The war which now rages is, and for obvious reasons is likely to continue to be, carried on with unusual animosity and rancor. It is highly probable that the resentment of the combined powers against us, if we should take part in it, would be, if possible, still more violent than it is against France. Our interference would be regarded as altogether officious and wanton. How far this idea might lead to the aggravation of the ordinary calamities of war, would deserve serious reflection.
The certain evils of our joining France in the war are sufficient dissuasives from so intemperate a measure. The possible ones are of a nature to call for all our caution, all our prudence.
To defend its own rights, to vindicate its own honor, there are occasions when a nation ought to hazard even its existence. Should such an occasion occur, I trust those who are most averse to commit the peace of the country, will not be the last to face the danger, nor the first to turn their backs upon it.
But let us at least have the consolation of not having rashly courted misfortune. Let us have to act under the animating reflection of being engaged in repelling wrongs, which we neither sought nor merited; in vindicating our rights, invaded without provocation; in defending our honor, violated without cause. Let us not have to reproach ourselves with having voluntarily bartered blessings for calamities.
But we are told that our own liberty is at stake upon the event of the war against France—that if she falls, we shall be the next victim. The combined powers, it is said, will never forgive in us the origination of those principles which were the germs of the French Revolution. They will endeavor to eradicate them from the world.
If this suggestion were ever so well founded, it would perhaps be a sufficient answer to it to say, that our interference is not likely to alter the case; that it would only serve prematurely to exhaust our strength.
But other answers more conclusive present themselves.
The war against France requires, on the part of her enemies, efforts unusually violent. They are obliged to strain every nerve, to exert every resource. However it may terminate, they must find themselves spent in an extreme degree; a situation not very favorable to the undertaking anew, and even to Europe combined, an immense enterprise.
To subvert by force republican liberty in this country, nothing short of entire conquest would suffice. This conquest, with our present increased population, greatly distant as we are from Europe, would either be impracticable, or would demand such exertions as, following immediately upon those which will have been requisite to the subversion of the French Revolution, would be absolutely ruinous to the undertakers.
It is against all probability that an undertaking, pernicious as this would be, even in the event of success, would be attempted against an unoffending nation, by its geographical position little connected with the political concerns of Europe.

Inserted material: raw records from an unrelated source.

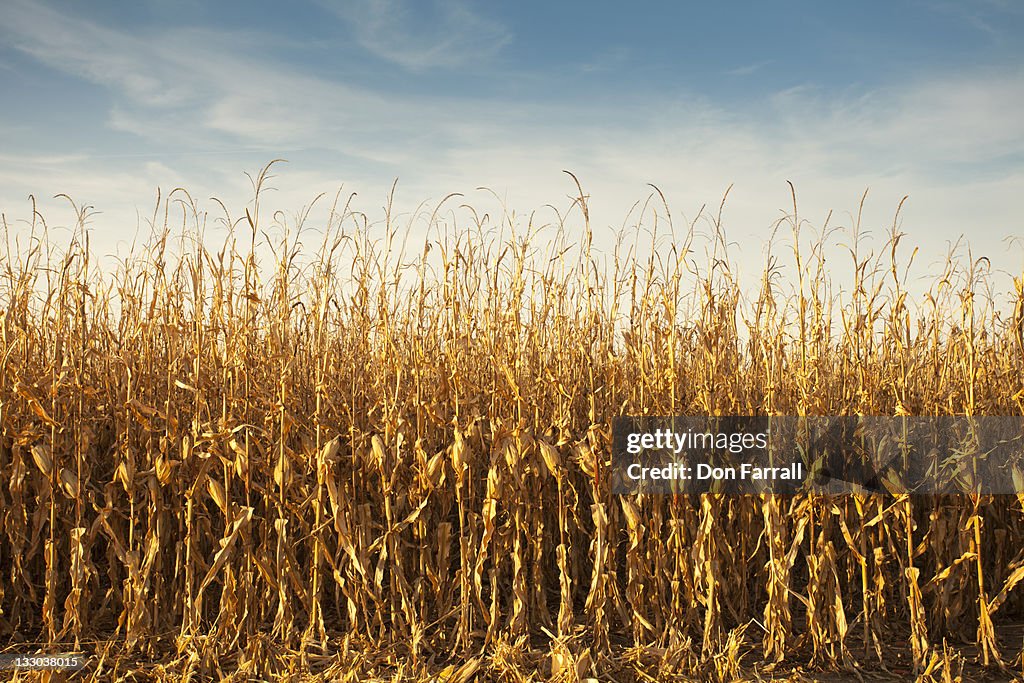 Corn stock images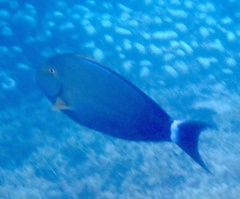 Acanthurus
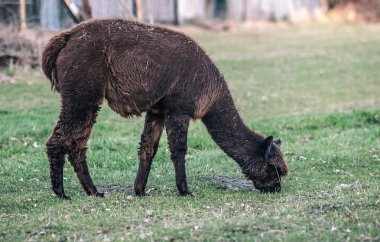 Alpaca doğada yürüyüş. Alpacas çim üzerinde otlatmak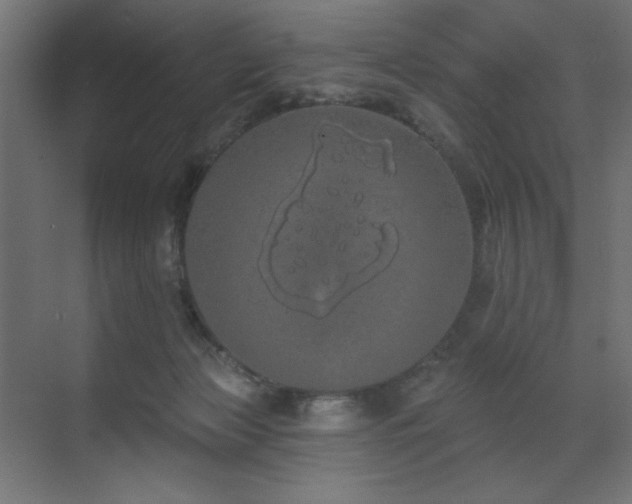 X0000072510173200607141141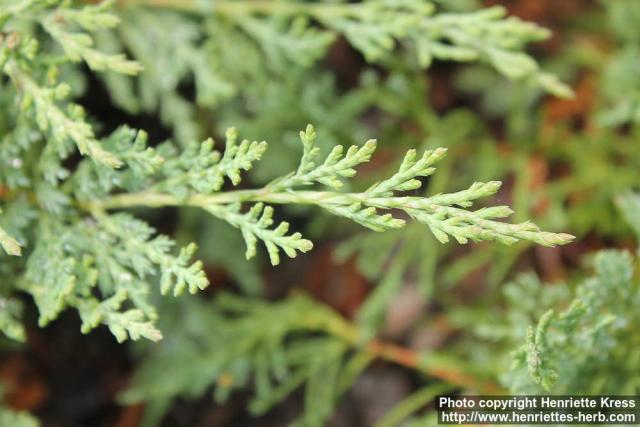 Photo: Juniperus horizontalis 3.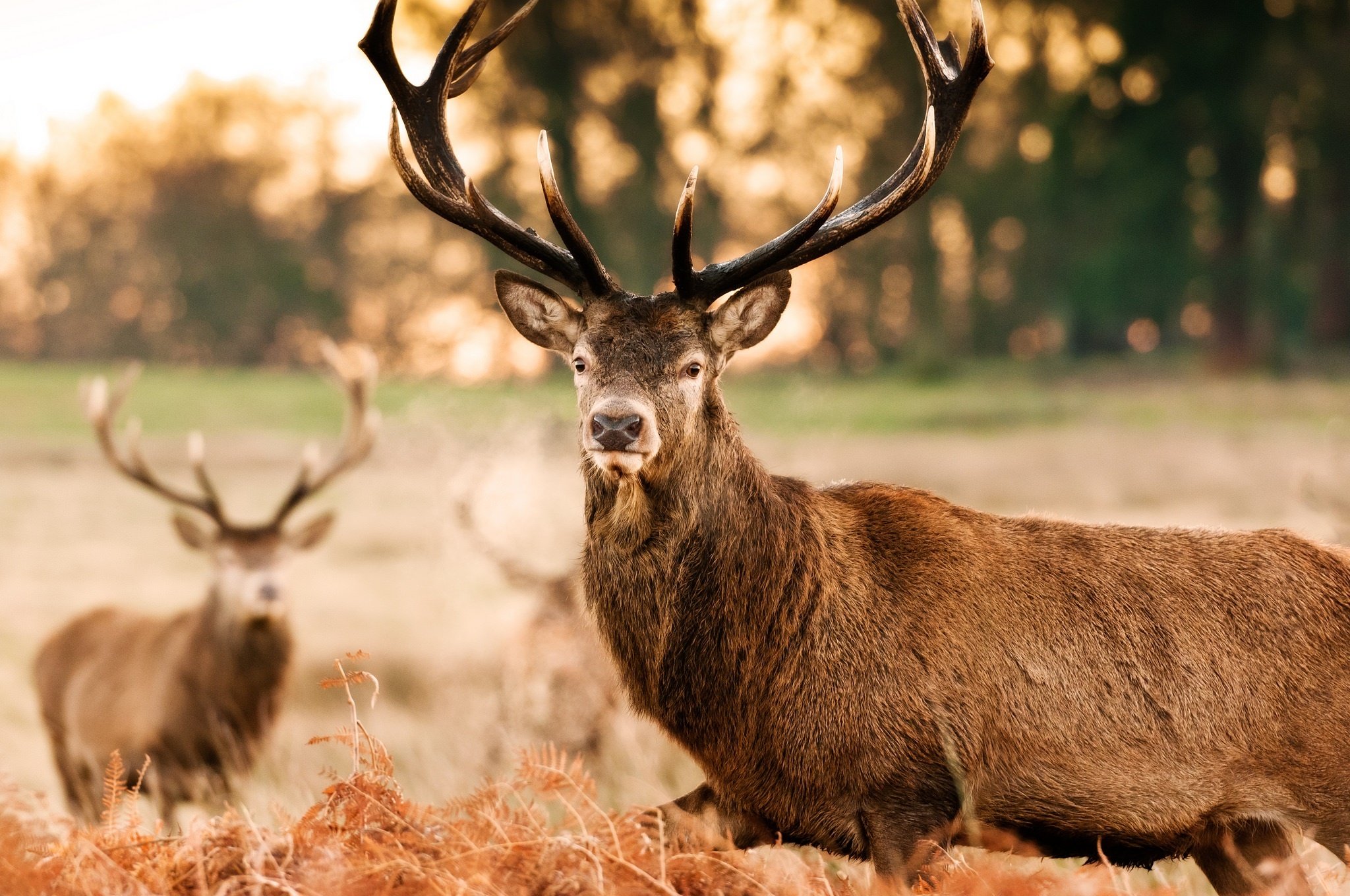 Deer Horns Face Fall Autumn Wallpaper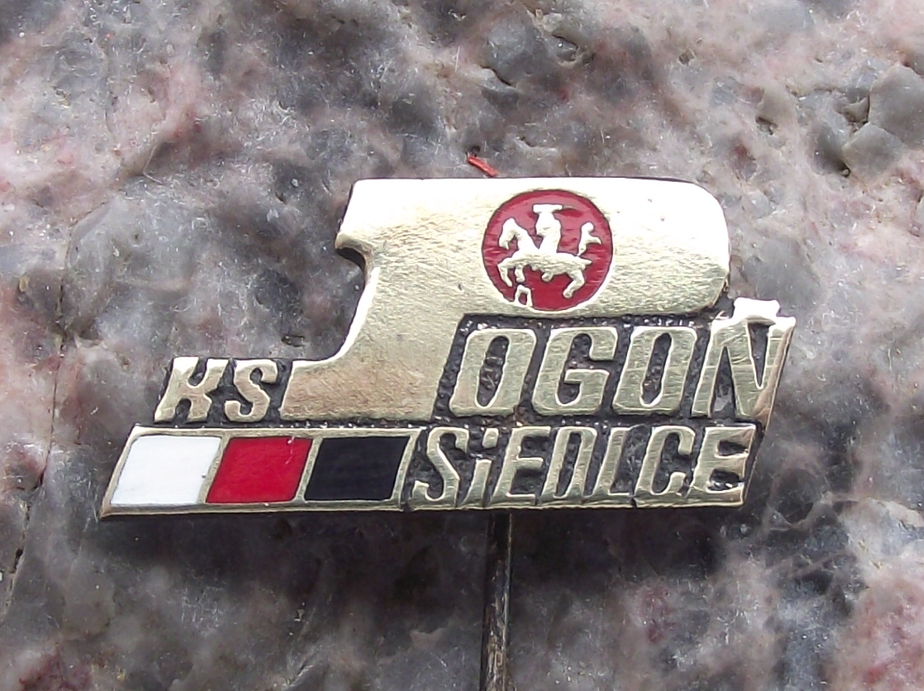 Vintage KS Pogoń Siedlce Poland Sports Football Club Pin Badge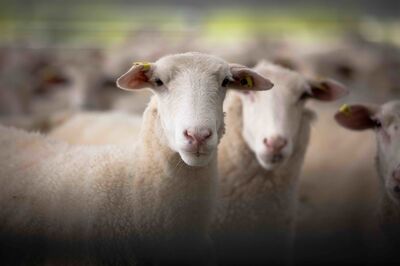 Your benefits when you become a Spring Sheep supplier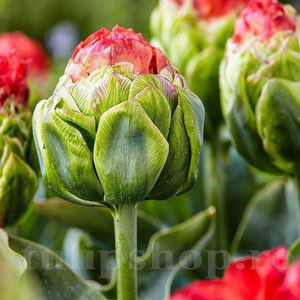Bulbi Lalele Bull's Eye (Tulip); PRET: 4 ron/buc.-------- 
Disponibil in perioada 15 septembrie - 15 noiembrie. 
Pentru mai multe informatii vizitati Tulipshop.ro
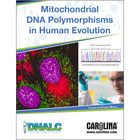 Mitochondrial DNA Polymorphisms in Human Evolution Kit with Master Mix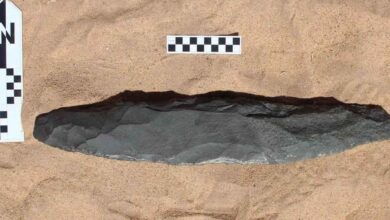 Over 200,000-year-old hand axe discovered in Saudi Arabia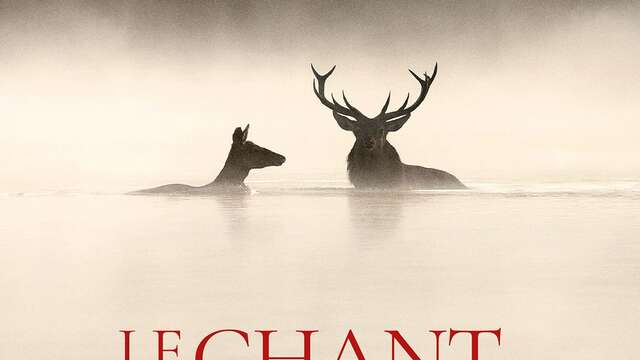 Séance de cinéma "Le chant des forêts"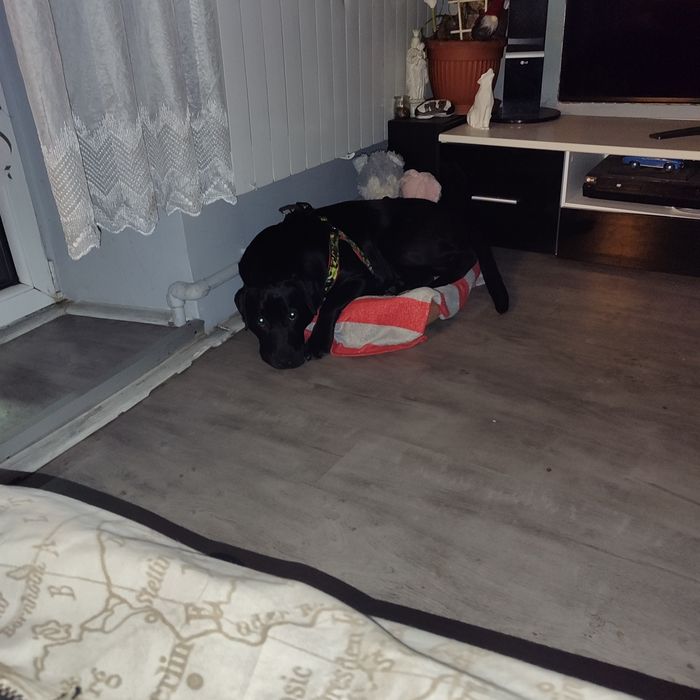 Oddam suczkę labrador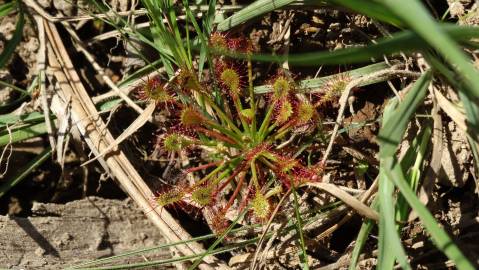 Fotografia da espécie Drosera intermedia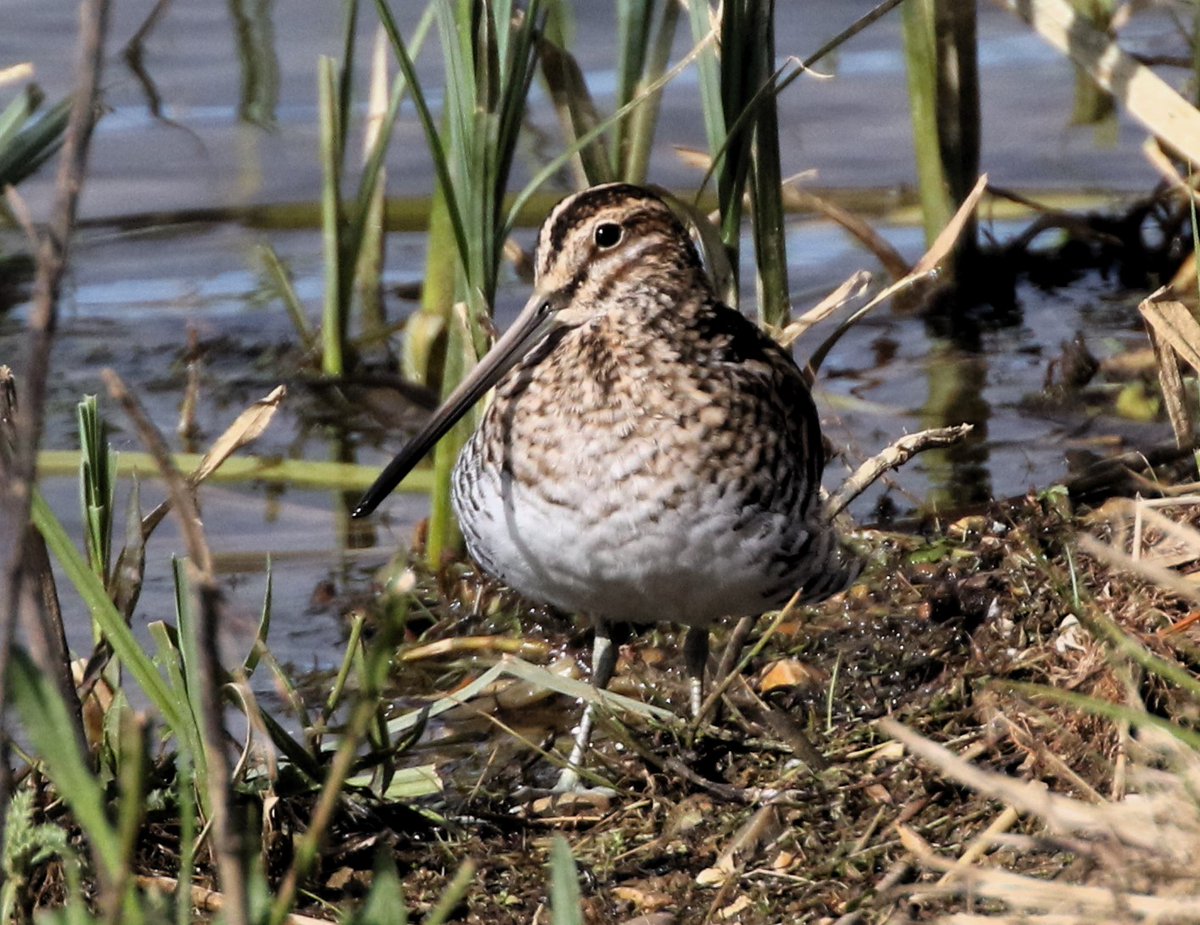 Redshank and Snipe at Summer Leys this morning. #Northantsbirds #TwitterNatureCommunity @NatureUK @Natures_Voice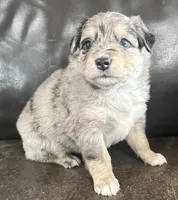 Clem, a male Miniature Australian Shepherd for sale in Sulphur, OK – 3 of 6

But impediments would arise from more special causes. Suppose France subdued, and a restoration of the monarchy in its ancient form, or a partition effected—to uphold either state of things, after the general impulse in favor of liberty which has been given to the minds of twenty-four millions of people, would in one way or another find occupation for a considerable part of the forces which had brought it about.
In the event of an unqualified restoration of the monarchy, if the future monarch did not stand in need of foreign legions for the support of his authority, still the powers which had been concerned in the restoration could not sufficiently rely upon the solidity of the order of things re-established by them, not to keep themselves in a posture to be prepared against the disturbance of it, till there had been time to compose the discordant interests and passions produced by the revolution, and bring back the nation to ancient habits of subordination. In the event of a partition of France, it would of course give occupation to the forces of the conquerors to secure the submission of the dismembered parts.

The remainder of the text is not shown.